In these situations only the spouse whose debts would be discharged would directly benefit from a bankruptcy filing, so the other would sensibly be reluctant to be in a bankruptcy that appears to provide him or her no benefit. Indeed it could well be mutually beneficial if the one spouse not filing can hold on to a better credit record and help the other spouse rebuild his or hers.
The Other Spouse Has a Major Separate Asset
If the reluctant spouse separately owns something he or she absolutely does not want to lose, his or her reluctance to be involved understandably increases. The spouse may not even be willing to expose it to the bankruptcy process, even after getting strong assurances from a bankruptcy lawyer that the asset is protected by a property “exemption.” The more the asset is deeply personal—such as a family heirloom—or crucial to the person’s livelihood—such as tools of trade or a vehicle—the more extreme may be the reluctance.
There’s Almost Always a Decent Solution
Most of the time there is a way to meet the needs of both spouses.
There may genuinely be no dire need for the reluctant spouse to join the bankruptcy case. Even if there is a debt or two that he or she is legally liable on—either separately or jointly—paying those off may be worthwhile. That would depend on the debt amount and the benefit to that spouse’s credit record to continue paying those.
Or there may be a significant amount of joint debt, or debts owed by the reluctant spouse, resulting in a strong benefit for both to join in the bankruptcy. The assets may be well protected by exemptions, if the reluctant spouse is just given clear assurances by the attorney why there is no danger of losing whatever is precious to him or her.

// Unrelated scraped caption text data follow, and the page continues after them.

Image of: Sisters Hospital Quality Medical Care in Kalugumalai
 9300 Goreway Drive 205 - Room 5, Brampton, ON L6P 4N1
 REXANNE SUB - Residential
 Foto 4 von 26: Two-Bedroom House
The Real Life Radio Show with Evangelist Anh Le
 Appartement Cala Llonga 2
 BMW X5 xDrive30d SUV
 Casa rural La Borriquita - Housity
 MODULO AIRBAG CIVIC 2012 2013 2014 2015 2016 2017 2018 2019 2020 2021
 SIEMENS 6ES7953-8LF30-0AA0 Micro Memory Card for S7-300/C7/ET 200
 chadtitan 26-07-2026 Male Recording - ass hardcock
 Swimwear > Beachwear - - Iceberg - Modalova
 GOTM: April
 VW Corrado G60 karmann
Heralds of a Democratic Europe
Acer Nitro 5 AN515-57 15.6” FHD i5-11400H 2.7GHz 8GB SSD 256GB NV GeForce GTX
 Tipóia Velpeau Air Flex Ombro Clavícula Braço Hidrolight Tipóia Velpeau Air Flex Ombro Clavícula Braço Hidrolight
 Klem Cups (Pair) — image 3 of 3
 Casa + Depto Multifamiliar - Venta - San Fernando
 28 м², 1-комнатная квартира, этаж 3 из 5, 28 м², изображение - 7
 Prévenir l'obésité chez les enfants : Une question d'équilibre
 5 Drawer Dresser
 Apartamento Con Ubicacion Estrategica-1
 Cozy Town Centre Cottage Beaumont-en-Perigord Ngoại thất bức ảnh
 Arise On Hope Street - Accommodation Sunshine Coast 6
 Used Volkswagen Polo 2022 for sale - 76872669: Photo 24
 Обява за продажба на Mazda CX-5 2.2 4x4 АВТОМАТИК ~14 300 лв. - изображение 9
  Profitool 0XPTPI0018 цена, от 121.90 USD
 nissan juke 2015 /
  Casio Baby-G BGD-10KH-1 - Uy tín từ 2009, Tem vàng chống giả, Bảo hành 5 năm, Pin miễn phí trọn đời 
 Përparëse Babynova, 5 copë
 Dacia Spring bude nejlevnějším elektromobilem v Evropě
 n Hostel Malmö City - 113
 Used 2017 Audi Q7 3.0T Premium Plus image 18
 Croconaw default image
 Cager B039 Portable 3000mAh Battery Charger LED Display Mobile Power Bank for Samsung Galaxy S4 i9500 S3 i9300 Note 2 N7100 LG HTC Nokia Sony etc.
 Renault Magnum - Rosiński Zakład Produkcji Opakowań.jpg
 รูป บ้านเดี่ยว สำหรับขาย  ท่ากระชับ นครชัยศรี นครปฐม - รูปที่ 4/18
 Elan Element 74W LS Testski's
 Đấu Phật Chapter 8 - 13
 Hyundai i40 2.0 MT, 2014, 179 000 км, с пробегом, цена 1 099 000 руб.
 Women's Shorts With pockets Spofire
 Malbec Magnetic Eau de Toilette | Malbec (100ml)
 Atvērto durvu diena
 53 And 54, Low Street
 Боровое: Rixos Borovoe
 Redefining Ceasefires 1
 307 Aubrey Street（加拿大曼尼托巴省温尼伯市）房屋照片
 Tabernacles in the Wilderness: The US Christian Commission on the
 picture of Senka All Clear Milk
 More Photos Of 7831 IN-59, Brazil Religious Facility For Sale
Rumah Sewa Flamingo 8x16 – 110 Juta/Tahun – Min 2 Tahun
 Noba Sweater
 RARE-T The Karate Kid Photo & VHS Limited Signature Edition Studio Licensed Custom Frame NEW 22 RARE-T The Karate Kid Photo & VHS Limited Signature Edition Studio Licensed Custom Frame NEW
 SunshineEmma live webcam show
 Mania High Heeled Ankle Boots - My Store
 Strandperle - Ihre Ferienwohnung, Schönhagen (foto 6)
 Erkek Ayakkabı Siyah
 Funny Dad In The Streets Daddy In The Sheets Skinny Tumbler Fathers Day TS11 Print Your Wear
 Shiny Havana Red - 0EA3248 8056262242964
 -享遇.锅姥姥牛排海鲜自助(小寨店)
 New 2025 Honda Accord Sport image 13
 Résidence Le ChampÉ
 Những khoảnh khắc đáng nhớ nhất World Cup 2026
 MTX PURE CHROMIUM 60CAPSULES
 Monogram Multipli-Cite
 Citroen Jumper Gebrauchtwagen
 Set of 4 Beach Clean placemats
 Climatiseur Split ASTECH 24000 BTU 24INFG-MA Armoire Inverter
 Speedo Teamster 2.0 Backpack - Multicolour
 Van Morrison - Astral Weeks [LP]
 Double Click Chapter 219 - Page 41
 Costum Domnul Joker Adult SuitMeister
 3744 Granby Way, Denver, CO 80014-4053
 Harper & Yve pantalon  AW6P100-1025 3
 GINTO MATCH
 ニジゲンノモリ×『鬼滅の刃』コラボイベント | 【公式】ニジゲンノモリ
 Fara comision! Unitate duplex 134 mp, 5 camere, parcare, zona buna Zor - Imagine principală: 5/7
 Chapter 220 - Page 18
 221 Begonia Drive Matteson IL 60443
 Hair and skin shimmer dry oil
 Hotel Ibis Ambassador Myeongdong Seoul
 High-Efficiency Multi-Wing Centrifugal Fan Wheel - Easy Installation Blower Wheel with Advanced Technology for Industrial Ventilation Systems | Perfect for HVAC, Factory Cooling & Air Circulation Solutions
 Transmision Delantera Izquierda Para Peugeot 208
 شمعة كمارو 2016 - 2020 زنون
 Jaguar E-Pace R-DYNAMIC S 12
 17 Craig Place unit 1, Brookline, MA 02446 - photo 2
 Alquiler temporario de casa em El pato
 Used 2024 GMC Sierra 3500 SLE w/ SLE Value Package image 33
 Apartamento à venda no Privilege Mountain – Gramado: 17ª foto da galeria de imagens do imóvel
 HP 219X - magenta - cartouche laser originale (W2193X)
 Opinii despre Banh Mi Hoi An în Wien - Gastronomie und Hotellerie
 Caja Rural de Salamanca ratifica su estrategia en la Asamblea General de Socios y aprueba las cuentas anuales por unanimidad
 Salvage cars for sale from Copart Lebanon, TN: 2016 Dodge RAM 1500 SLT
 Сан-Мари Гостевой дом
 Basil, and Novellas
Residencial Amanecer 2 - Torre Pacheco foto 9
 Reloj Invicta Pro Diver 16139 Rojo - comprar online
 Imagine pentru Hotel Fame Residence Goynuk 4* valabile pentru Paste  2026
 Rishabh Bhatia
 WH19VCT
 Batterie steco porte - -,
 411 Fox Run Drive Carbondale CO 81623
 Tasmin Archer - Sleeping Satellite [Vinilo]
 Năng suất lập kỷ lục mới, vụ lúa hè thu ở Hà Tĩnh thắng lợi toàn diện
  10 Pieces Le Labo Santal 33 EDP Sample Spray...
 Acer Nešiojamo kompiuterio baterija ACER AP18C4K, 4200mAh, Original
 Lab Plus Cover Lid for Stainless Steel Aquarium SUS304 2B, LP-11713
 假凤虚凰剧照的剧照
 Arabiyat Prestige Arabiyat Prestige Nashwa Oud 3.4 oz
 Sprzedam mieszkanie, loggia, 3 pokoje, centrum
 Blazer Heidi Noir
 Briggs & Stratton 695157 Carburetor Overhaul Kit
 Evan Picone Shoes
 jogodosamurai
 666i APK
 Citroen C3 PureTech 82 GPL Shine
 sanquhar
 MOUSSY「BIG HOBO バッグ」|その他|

And where there genuinely are assets at risk, or other reasons one spouse does not want to join in the other’s bankruptcy, there can be creative solutions. A Chapter 13 “adjustment of debts” by one spouse can often protect the other spouse through the “co-debtor” stay, allowing a co-signed debt to be paid ahead of other debts. A Chapter 13 filed by both spouses can protect the reluctant spouse’s assets with much less risk and much greater control than under Chapter 7. In rare circumstances one spouse can file a Chapter 7 case and the other a Chapter 13 one in order for each to meet their individual needs.
When both spouses are honest about their goals and concerns, an experienced and conscientious bankruptcy lawyer can usually find a sensible solution.